The NCAA upheld its decision to strip the University of Louisville of their 2013 national title on Tuesday, after the school appealed the original decision.
The University of Louisville’s men’s basketball program is being punished because players and recruits received stripteases, lap dances and sex acts paid for by former director of basketball operations Andre McGee.
The NCAA said in a statement the Committee on Infractions decided the original punishment was fair, because the violations were serious and intentional and they continued for almost four years.
“(T)he panel found that a former Louisville director of basketball operations acted unethically when he committed serious violations by arranging striptease dances and sex acts for prospects, student-athletes and others, and did not cooperate with the investigation,” the NCAA said. “The violations in the case resulted in some men’s basketball student-athletes competing while ineligible.”

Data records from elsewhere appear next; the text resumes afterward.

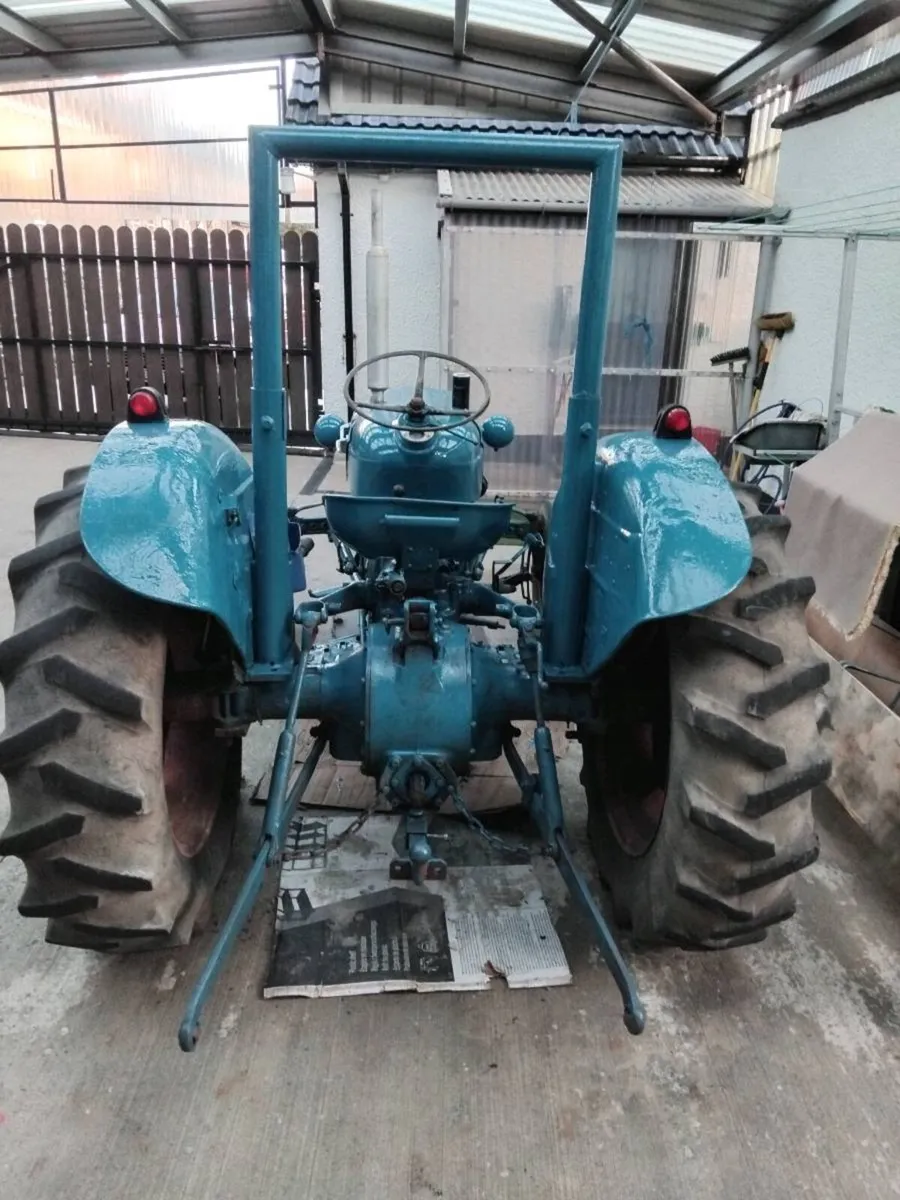 Fordson dexta...triumph dolomite - Image 4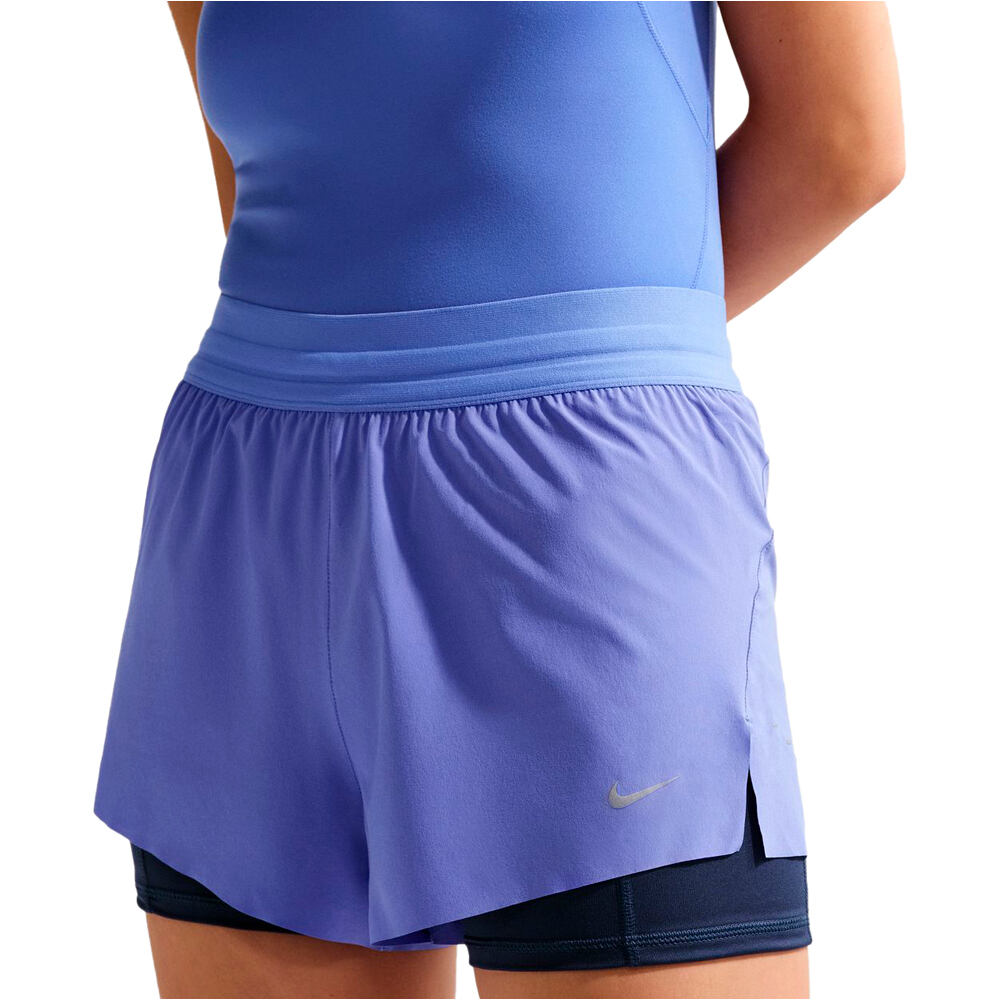 Nike pantalón running mujer W NK SWIFT DF MR 2N1 SHRT vista detalle
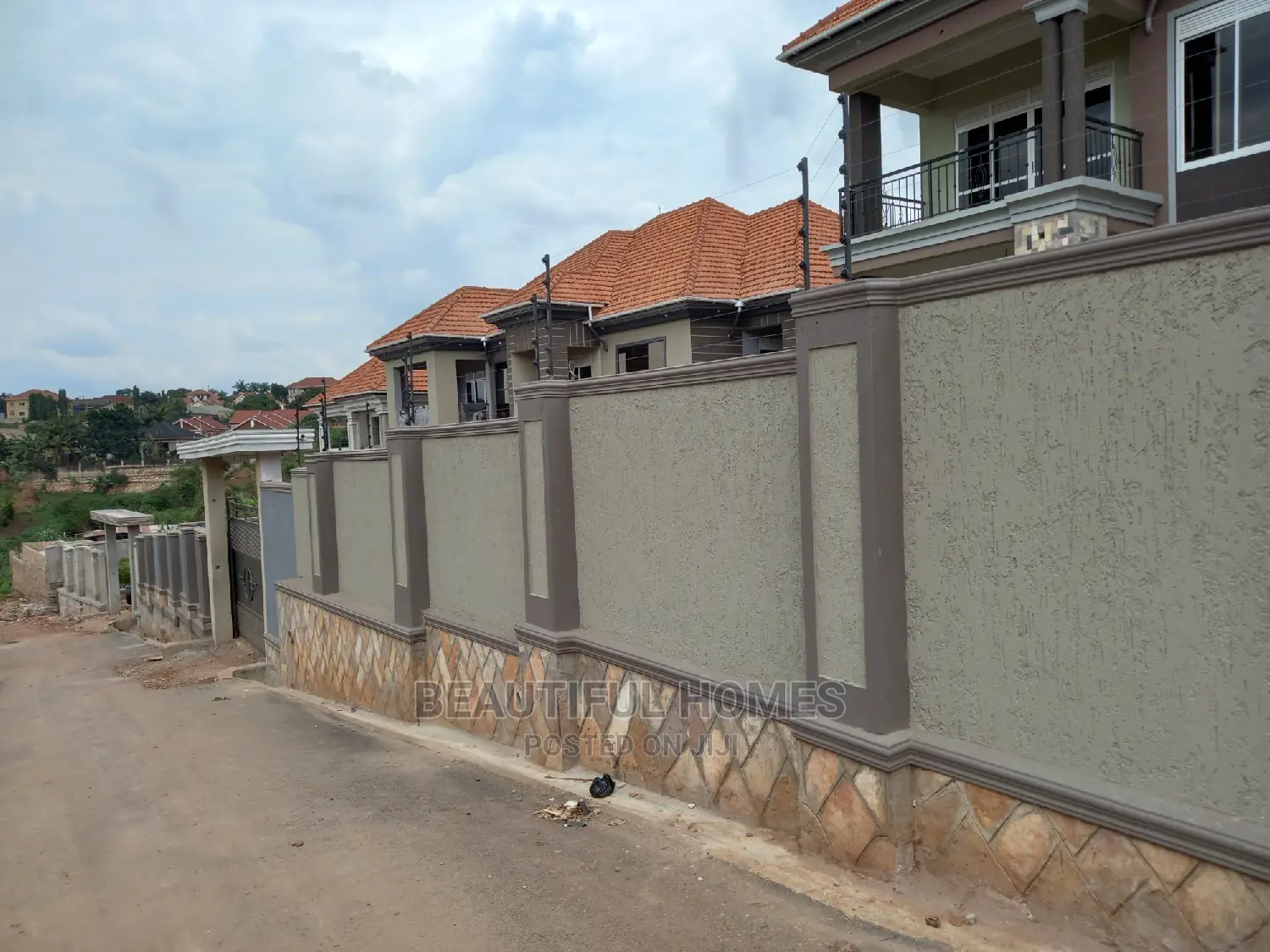 Furnished 6bdrm Mansion in Kisaasi, Central Division for Sale in Central Division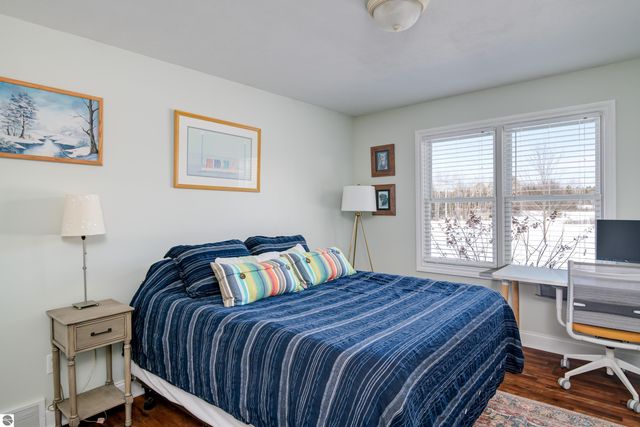 6107 Jeffrey Place, Grawn, MI 49637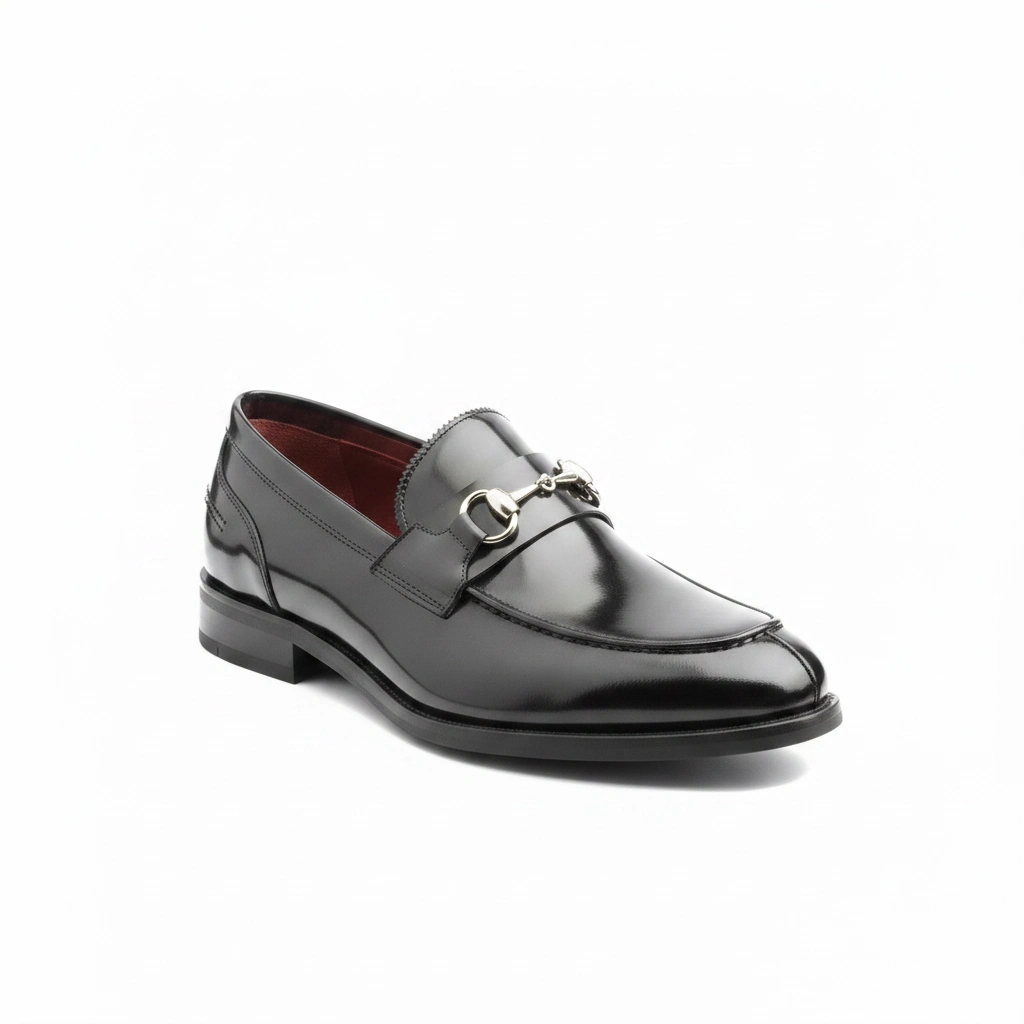 Mocasines negros de piel para hombre con adorno metálico de estribo, hechos a mano en España Beatnik Snyder black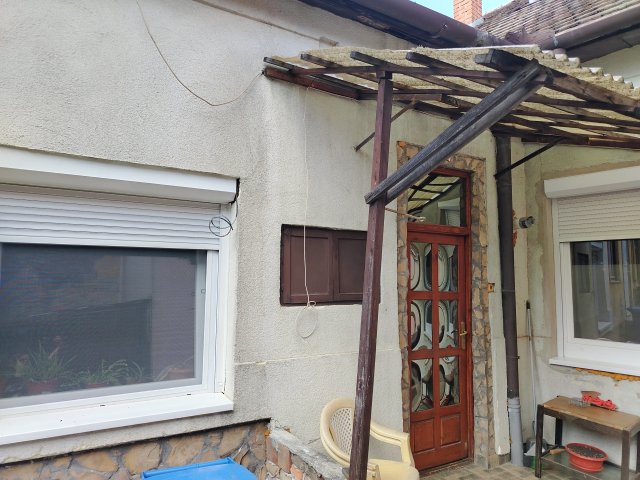 Eladó családi ház, Kaposváron 18.5 M Ft, 2 szobás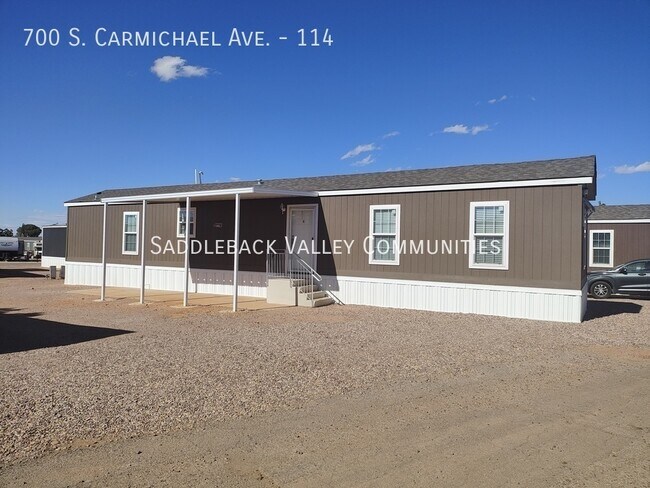 Building Photo - 700 S Carmichael Ave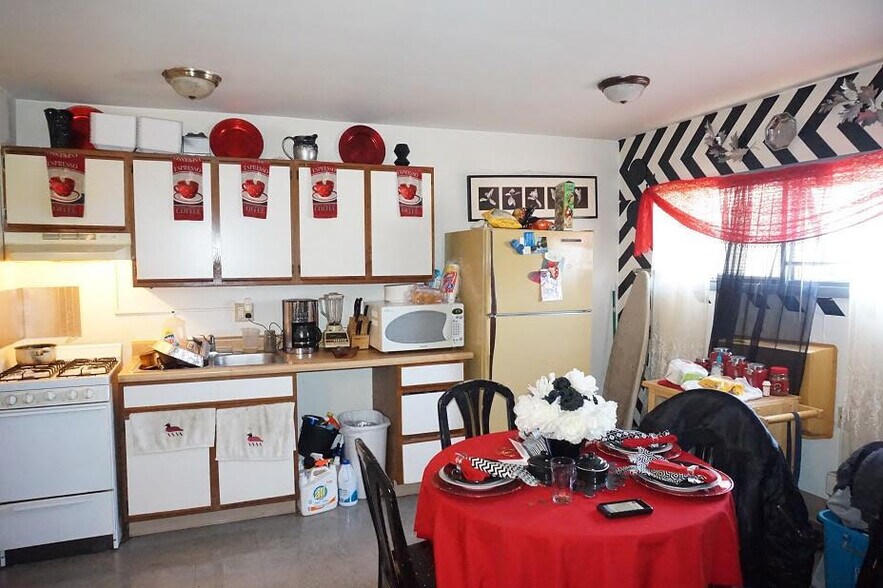 More Photos Of 1639 Douglas Ave, Racine Apartments For Sale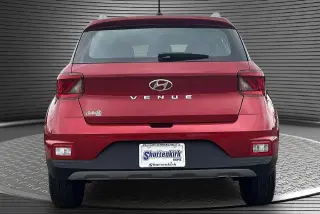 Vehículo Hyundai VENUE 2025 SEL, 4 puertas, Crossover
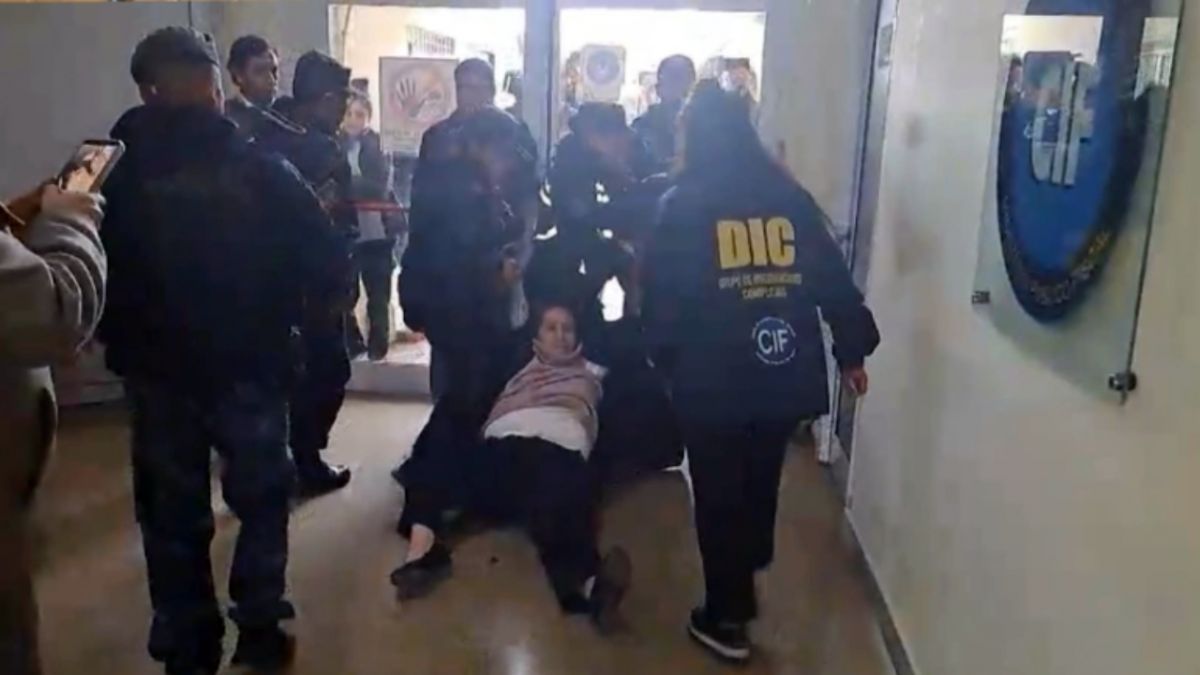 Crimen de las francesas: escándalo, gritos y forcejeos por una orden de ADN a la esposa de Clemente Vera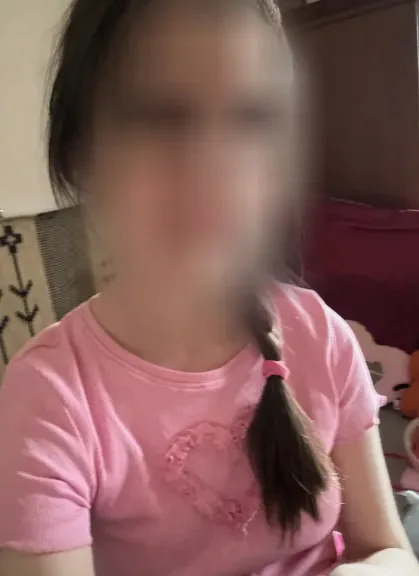 Nora, 25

In a statement, University of Louisville Interim President Greg Postel said he believed the NCAA’s decision was wrong and did not reflect the effort the school put in to cooperate and change policies following the original decision.
“We felt, and still feel, that the young men who earned those victories and the thousands of fans who supported them deserved our best effort,” the statement said. “The pain caused for our fans and the players who were not involved is perhaps the most regretful result of this decision.”
In December 2016, the NCAA issued a similar set of allegations against UNC. The allegations said by taking the paper courses that elicited the original NCAA allegations, men’s basketball players were given extra benefits that were not available to other students. In the Louisville case, the allegations also involve extra benefits to players, but the benefits are of a completely different nature.
The extra benefits allegations against UNC were later thrown out when it was revealed anyone at UNC could have taken the paper courses, and therefore the benefits were not solely available to athletes. The allegations against Louisville, however, were upheld.
Barbara Osborne, a UNC professor of exercise and sports science, said the punishment of vacating a national title is a fairly standard punishment from the NCAA.